Forte présence de langues autochtones, malgré une percée de l’anglais

Par ailleurs, le bilinguisme français-anglais a augmenté au Yukon entre 2016 et 2021, pour atteindre une proportion de 14,2 %, ce qui le maintient devant ses territoires voisins (10,6 % aux Territoires du Nord-Ouest et 3,8 % au Nunavut). La moyenne canadienne atteint quant à elle 18 %.

Aux Territoires du Nord-Ouest et au Nunavut, le taux moins élevé est attribuable à l’usage de langues autochtones qui ont le statut de langues officielles au même titre que l’anglais et le français. Ce sont des endroits au Canada où [les langues autochtones] sont les plus présentes par rapport à partout ailleurs, souligne Émilie Lavoie.
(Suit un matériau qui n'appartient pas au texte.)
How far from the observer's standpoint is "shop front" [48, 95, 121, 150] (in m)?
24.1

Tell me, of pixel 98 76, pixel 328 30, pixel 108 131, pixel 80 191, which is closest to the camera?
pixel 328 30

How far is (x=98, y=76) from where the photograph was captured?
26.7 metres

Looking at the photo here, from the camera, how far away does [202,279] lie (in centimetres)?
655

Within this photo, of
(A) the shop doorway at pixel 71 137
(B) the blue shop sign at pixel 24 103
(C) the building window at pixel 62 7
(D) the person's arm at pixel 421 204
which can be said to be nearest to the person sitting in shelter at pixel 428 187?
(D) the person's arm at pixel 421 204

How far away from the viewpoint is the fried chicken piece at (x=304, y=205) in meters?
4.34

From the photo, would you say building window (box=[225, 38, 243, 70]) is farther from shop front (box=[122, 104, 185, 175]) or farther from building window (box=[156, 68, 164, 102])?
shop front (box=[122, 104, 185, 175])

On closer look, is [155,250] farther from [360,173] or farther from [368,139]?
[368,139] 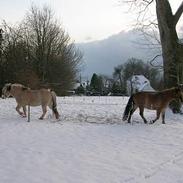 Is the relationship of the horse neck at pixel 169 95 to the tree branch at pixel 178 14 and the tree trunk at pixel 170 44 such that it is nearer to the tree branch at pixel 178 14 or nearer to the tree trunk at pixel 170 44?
the tree trunk at pixel 170 44

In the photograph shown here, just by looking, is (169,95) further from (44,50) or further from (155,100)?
(44,50)

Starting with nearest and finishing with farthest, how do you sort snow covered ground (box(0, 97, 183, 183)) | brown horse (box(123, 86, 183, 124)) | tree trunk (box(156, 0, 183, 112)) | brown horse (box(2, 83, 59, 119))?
snow covered ground (box(0, 97, 183, 183)) < brown horse (box(123, 86, 183, 124)) < brown horse (box(2, 83, 59, 119)) < tree trunk (box(156, 0, 183, 112))

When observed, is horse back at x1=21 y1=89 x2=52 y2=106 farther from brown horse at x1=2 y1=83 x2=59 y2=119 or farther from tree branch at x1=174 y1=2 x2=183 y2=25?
tree branch at x1=174 y1=2 x2=183 y2=25

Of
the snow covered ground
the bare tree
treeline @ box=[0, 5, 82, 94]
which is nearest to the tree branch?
the bare tree

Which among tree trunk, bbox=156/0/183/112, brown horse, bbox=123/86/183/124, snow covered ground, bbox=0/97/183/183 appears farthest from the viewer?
tree trunk, bbox=156/0/183/112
À titre indicatif, parmi les provinces et territoires au pays, c'est au Nunavut que le taux de bilinguisme était le plus élevé (68 %), en raison du bilinguisme inuktitut-anglais. Sans surprise, c’est dans ce territoire que la proportion de personnes ayant une langue prédominante à la maison autre que l’anglais ou le français est la plus importante (environ 42 %).

Émilie Lavoie indique que, en revanche, l’anglais a gagné du terrain par rapport à la langue inuit depuis 2021 et qu’elle est de plus en plus utilisée de manière complémentaire. On constate qu’il y avait moins de gens qui parlaient l’inuktitut de façon prédominante à la maison que l’anglais, en 2021, dit-elle. En 2016, c’était l’inverse.

« [L’inuktitut] est moins souvent tout seul, comme langue principale. Il est plus souvent avec l’anglais », poursuit-elle.

Statistique Canada prépare une nouvelle analyse approfondie des dynamiques démographiques des populations autochtones au pays et dans le Nord qui sera rendue publique au mois de septembre.

L’agence mène aussi une enquête dans les communautés de langues officielles en situation minoritaire qui pourrait servir à mettre en lumière des besoins en matière de services en français dans les secteurs de la santé, de l’éducation et la justice, entre autres.